**Record set**
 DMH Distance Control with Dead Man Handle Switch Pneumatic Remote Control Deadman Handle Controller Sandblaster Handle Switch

==

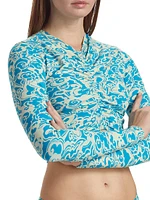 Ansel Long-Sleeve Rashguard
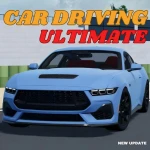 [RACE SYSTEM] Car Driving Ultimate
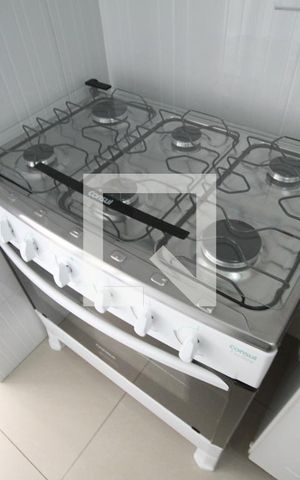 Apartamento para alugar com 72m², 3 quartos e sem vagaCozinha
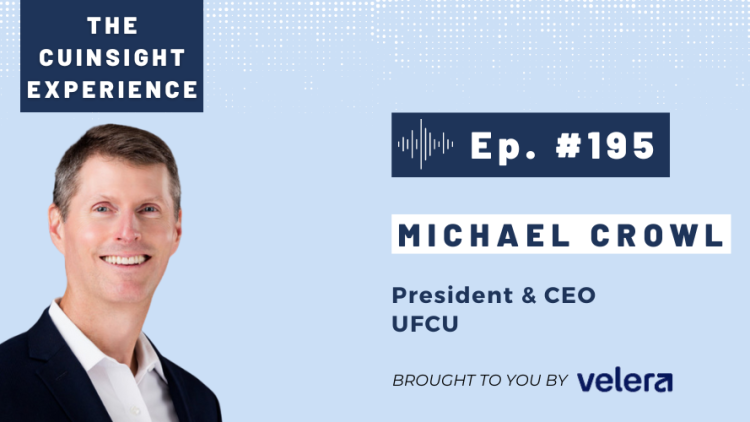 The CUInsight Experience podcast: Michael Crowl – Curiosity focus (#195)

**Task to complete**
Using the entries above, repeat exactly the lines from the one with "Apartamento para alugar" to the one with "The CUInsight Experience", both included, and leave the pictures behind.

**Task answer**
 Apartamento para alugar com 72m², 3 quartos e sem vagaCozinha
 The CUInsight Experience podcast: Michael Crowl – Curiosity focus (#195)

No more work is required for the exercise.